Day 5

Review

Population Mean

\[\mu = {1 \over N}\sum\limits_{i=1}^Nx_i\]

\[\mu = {\sum\limits_{i=1}^Nx_i\over N}\]

Sample Mean

\[\bar{x} = {1 \over n}\sum\limits_{i=1}^nx_i\]

\[\bar{x} = {\sum\limits_{i=1}^nx_i\over n}\]

Spread of data

Range

\[\text{Range} = \text{Maximum} - \text{Minimum}\]

\[ \begin{array}{|c|c|c|c|c|c|c|c|c|} \hline \text{Species A} & 3.11 & 2.95 & 2.00 & 2.62 & 3.34 & 3.41 & 2.13 & 2.81 & 1.80 & 2.89 \\ \hline \text{Species B} & 3.43 & 3.33 & 3.03 & 3.40 & 3.32 & 3.13 & 2.81 & 3.04 & 3.38 & 3.24 \\ \hline \end{array} \]

Smaller spread is usually closer to the mean

Larger spread is usually further from the mean

Variance

Population variance (denoted $\sigma^2$):

\[\sigma^2 = {{{\sum\limits_{i=1}^N}(x_i-\mu)^2}\over N}\]

Sample variance (denoted $s^2$):

\[s^2 = {{{\sum\limits_{i=1}^n}(x_i-\bar{x})^2}\over (n-1)}\]

Standard Deviation

\[\sqrt{\sigma^2}=\sigma \rightarrow \text{Population Standard Deviation}\]

\[\sqrt{s^2}=s \rightarrow \text{Sample Standard Deviation}\]

What is the variance and standard deviation of the data below?

\[ \begin{array}{|c|c|c|c|c|c|c|c|c|} \hline \text{Year} & 2004 & 2005 & 2006 & 2007 &2008 & 2009 & 2010 \\ \hline \text{Price} & 1.347 & 1.737 & 2.026 & 2.298 & 2.651 & 1.802 & 2.222 \\ \hline \end{array} \]

\[\bar{x}=2.012\]

The Empirical Rule

For a population that has an approximately bell-shaped distribution:

$\approx 68\%$ of the data is within ONE standard deviation of the mean

\[\approx 68\% = \begin{cases} \mu - \sigma \\ \mu + \sigma \end{cases}\]
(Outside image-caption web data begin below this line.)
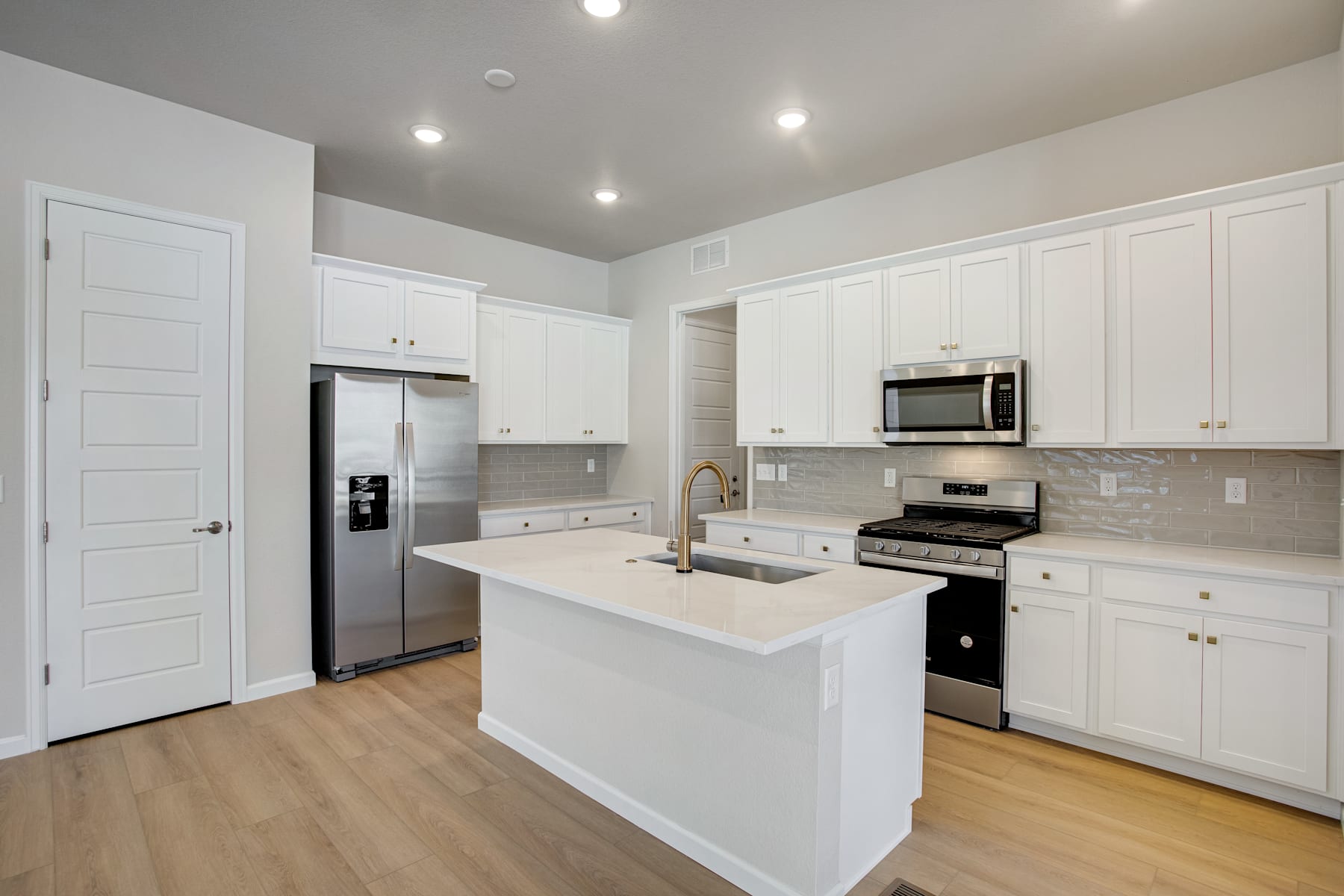 A modern, bright kitchen with white cabinets, stainless steel appliances, and a central island with a countertop.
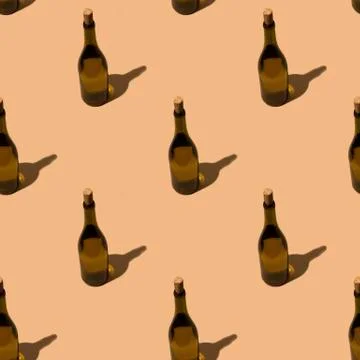A bottle of white wine seamless pattern. Stock Photos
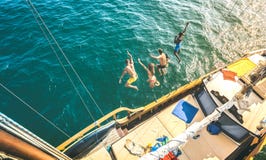 Widok z lotu ptaka szczęśliwi millenial przyjaciele skacze od żaglówki na dennej ocean wycieczce wpólnie - Bogaci faceci i dziewc zdjęcie royalty free Widok z lotu ptaka szczęśliwi millenial przyjaciele skacze od żaglówki na dennej ocean wycieczce wpólnie - Bogaci faceci i dziewc zdjęcie royalty free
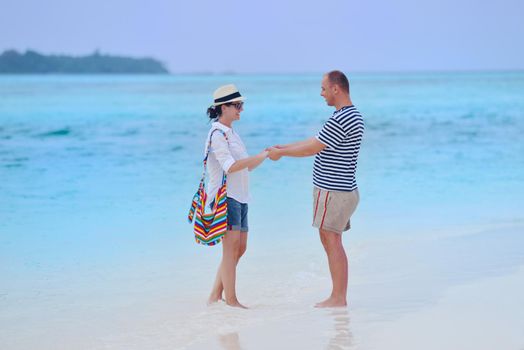 happy young romantic couple in love have fun running and relaxing on beautiful beach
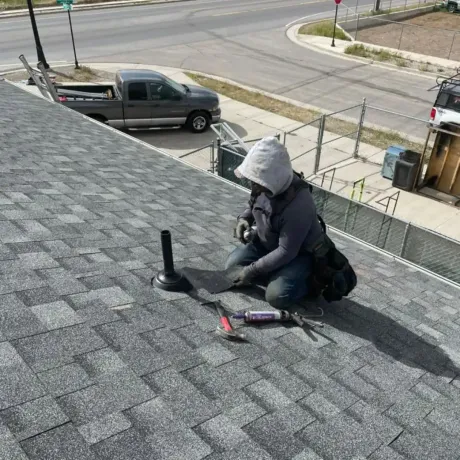 A man wearing a hard hat and safety glasses is working on a piece of metal.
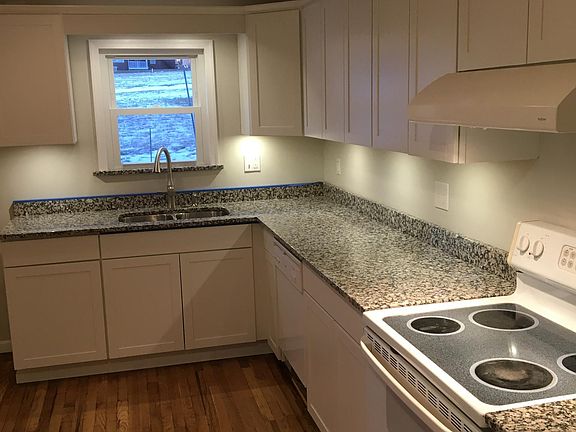 Kitchen - under cabinet lights, garbage disposal, vented exhaust fan, granite counter top, new cabinets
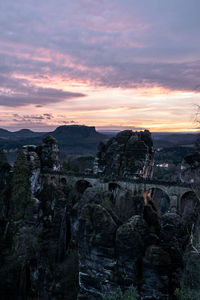 Scenic view of rock formation against sky during sunset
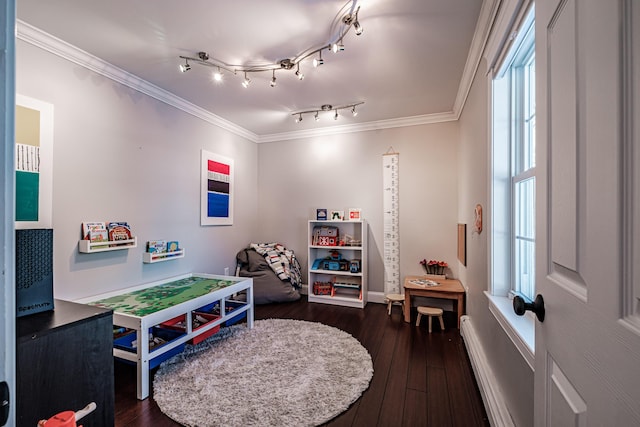 playroom with a baseboard heating unit, dark wood-type flooring, rail lighting, and crown molding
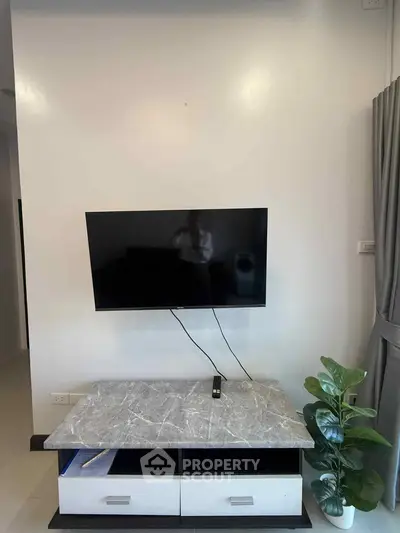 Modern living room with wall-mounted TV and stylish marble-top console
$\approx 95\%$$ of the data is within TWO standard deviations of the mean

\[\approx 95\% = \begin{cases} \mu - 2\sigma \\ \mu + 2\sigma \end{cases}\]

$\approx$ All or almost all of the data is within THREE standard deviations of the mean

\[\approx 100\% = \begin{cases} \mu - 3\sigma \\ \mu + 3\sigma \end{cases}\]

Questions?

Goals for Today:

Introduce the common measures of position
Develop the five number summary
Discuss the concept of outliers

Numerical Sumaries of Data

Measures of Position

Suppose we have a male white-tailed deer who’s $141$ lbs and a female who’s $112$ lbs

We have the tools to say how different they are from each other
But how can we say who’s more different from their specific group?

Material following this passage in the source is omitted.